Miejsce pochówku "Inki" i "Zagończyka" długo pozostawało nieznane. Sądzono, ze ich szczątki spoczywają na Cmentarzu Garnizonowym w Gdańsku, gdzie pochowano wielu żołnierzy wyklętych zabitych lub zmarłych w pobliskim areszcie przy ul. Kurkowej. Na terenie jednej z kwater tego cmentarza prace poszukiwawcze prowadził w ostatnich latach kierowany przez prof. Krzysztofa Szwagrzyka zespół złożony głównie z pracowników IPN. We wrześniu 2014 r. członkowie zespołu natrafili na szczątki mężczyzny i kobiety.
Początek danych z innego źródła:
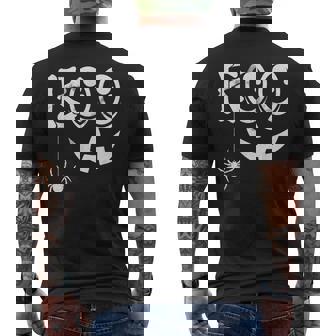 Boo Lazy Halloween Costume Bones Pumpkin Creepy Spooky Men's T-shirt Back Print - Monsterry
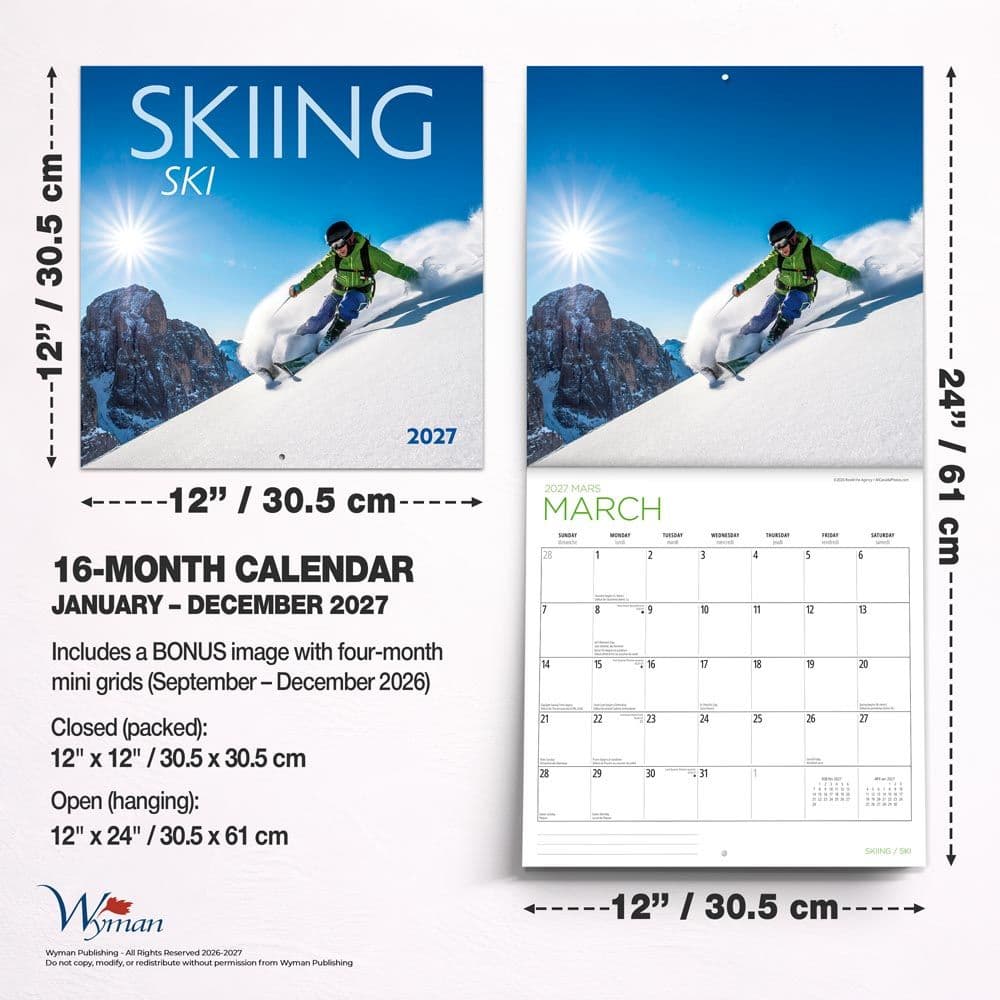Skiing 2027 Wall Calendar Sixth Alternate Image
1 marca 2015 r. w Narodowym Dniu Pamięci Żołnierzy Wyklętych podczas uroczystości w Pałacu Prezydenckim IPN ogłosił, że badania genetyczne potwierdziły, iż kobiece szczątki należą do Danuty Siedzikówny. Z kolei w czerwcu 2016 r. IPN poinformował, że męskie szczątki znalezione obok pochówku "Inki" to szczątki "Zagończyka".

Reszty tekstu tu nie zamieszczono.